_TASK ITEM:_ In the records below, find the line that contains "Used 2023 Nissan" and the line that contains "1125 Sansom St #316 Property Photo 34"; write out exactly those two lines and everything between them, without the pictures.

_GIVEN INFORMATION:_
______
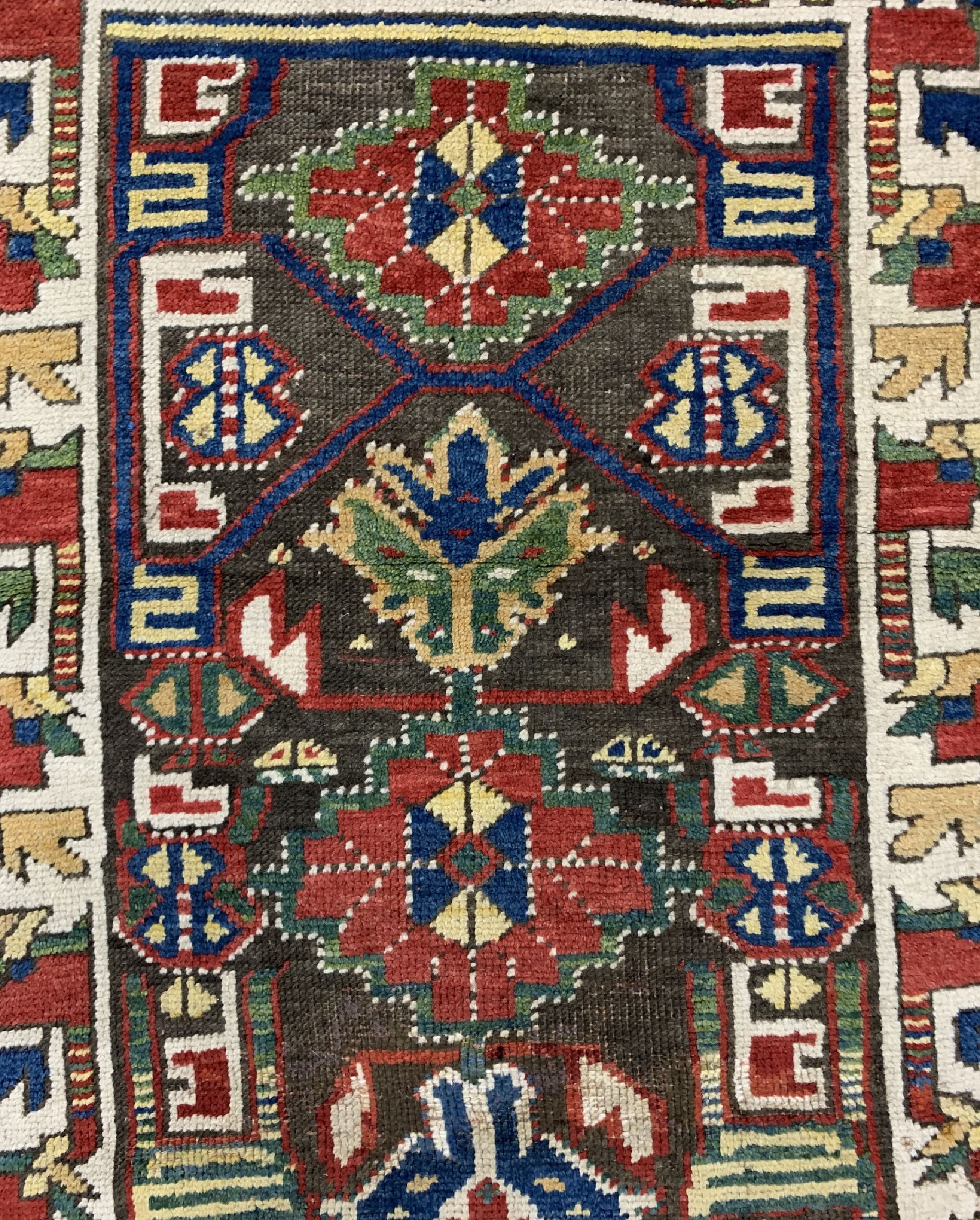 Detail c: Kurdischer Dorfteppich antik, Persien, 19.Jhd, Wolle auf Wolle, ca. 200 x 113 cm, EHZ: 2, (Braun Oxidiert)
______
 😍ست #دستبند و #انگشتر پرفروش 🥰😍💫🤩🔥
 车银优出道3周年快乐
______
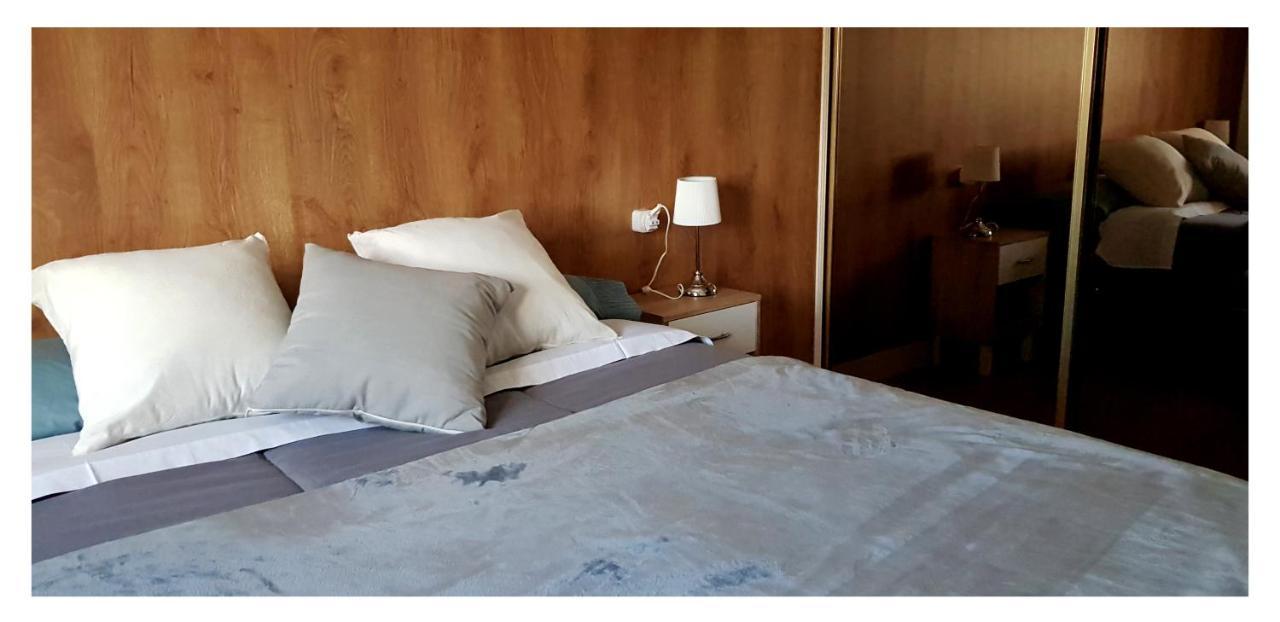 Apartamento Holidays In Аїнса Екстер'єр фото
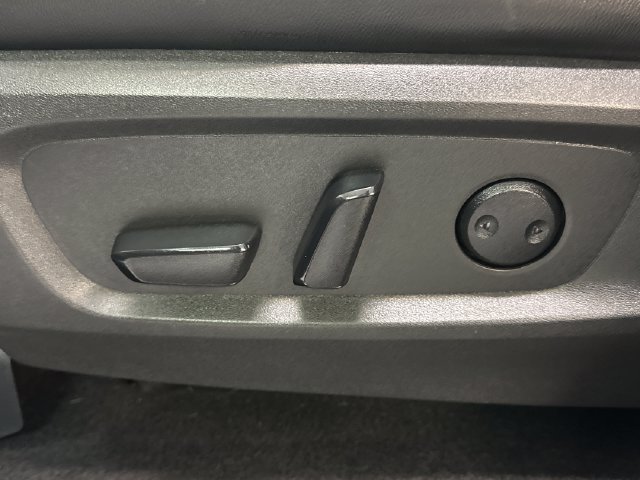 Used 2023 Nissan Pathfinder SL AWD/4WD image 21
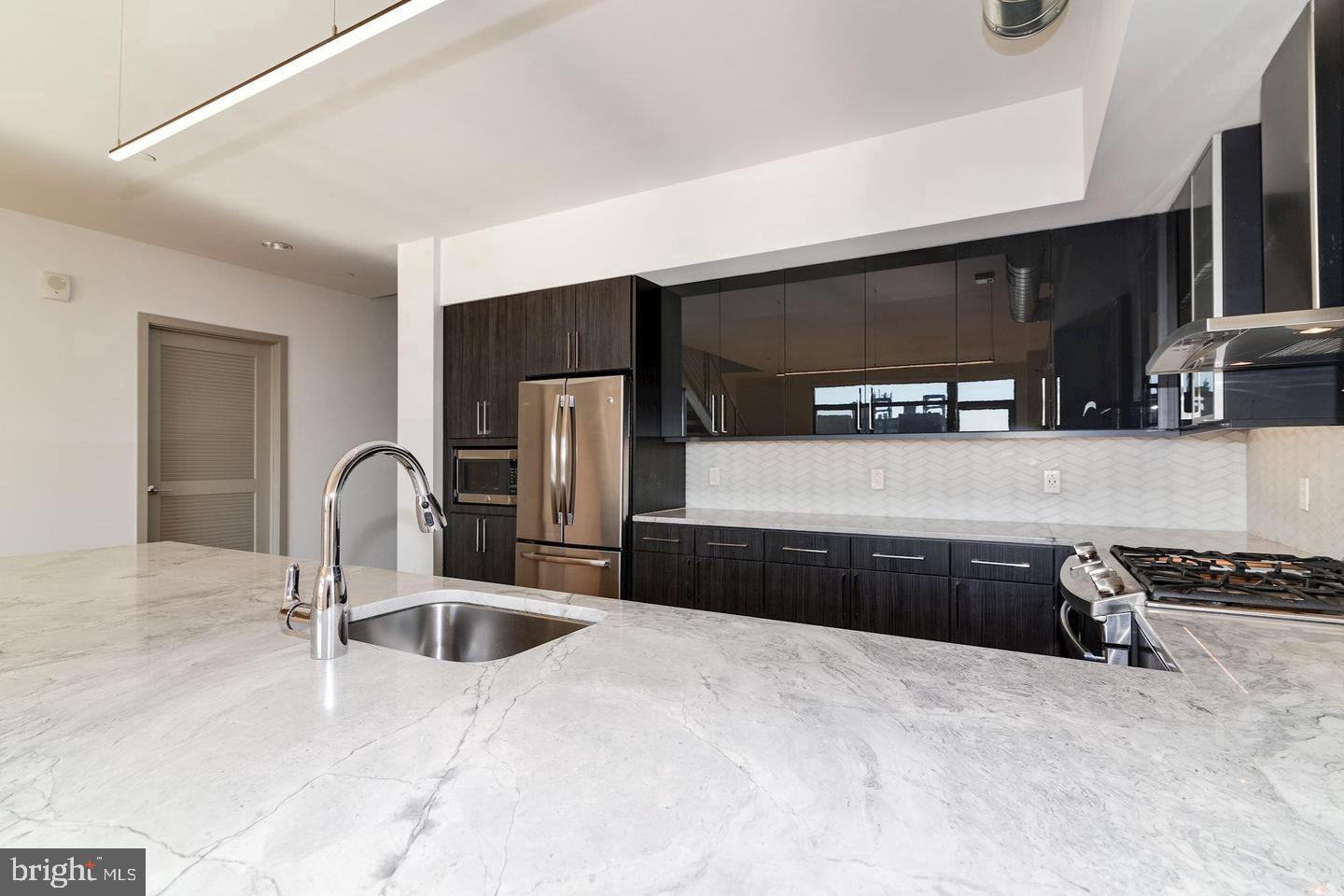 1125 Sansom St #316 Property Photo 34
______
_FINISHED TASK:_
 Used 2023 Nissan Pathfinder SL AWD/4WD image 21
 1125 Sansom St #316 Property Photo 34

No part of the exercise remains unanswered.